Provided records>
++++++++++

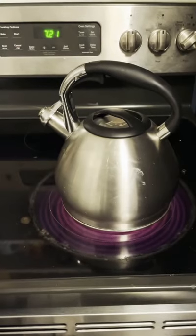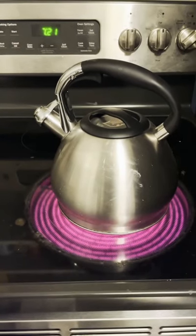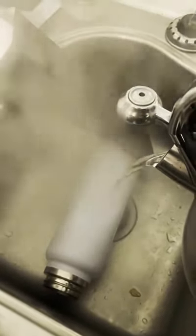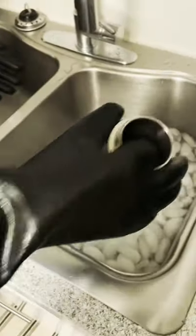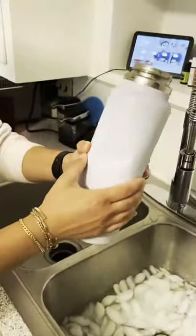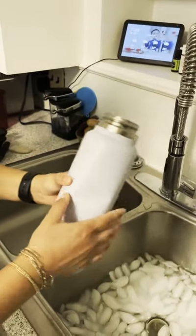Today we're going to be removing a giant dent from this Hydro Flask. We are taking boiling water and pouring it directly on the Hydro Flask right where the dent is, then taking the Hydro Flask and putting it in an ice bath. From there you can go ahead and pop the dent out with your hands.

++++++++++

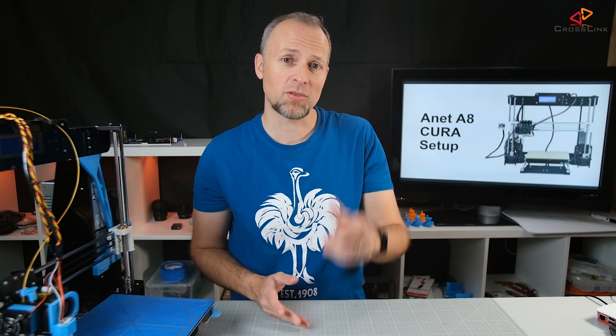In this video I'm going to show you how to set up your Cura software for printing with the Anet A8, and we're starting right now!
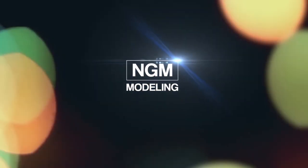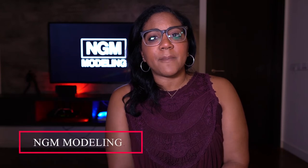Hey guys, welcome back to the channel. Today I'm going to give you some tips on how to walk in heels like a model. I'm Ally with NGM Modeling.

++++++++++

Prompt> Look above for the line containing "In this video", then write out every line from there down to the line containing "Hey guys, welcome", that line included, with no pictures.

Exercise solution>
In this video I'm going to show you how to set up your Cura software for printing with the Anet A8, and we're starting right now!
Hey guys, welcome back to the channel. Today I'm going to give you some tips on how to walk in heels like a model. I'm Ally with NGM Modeling.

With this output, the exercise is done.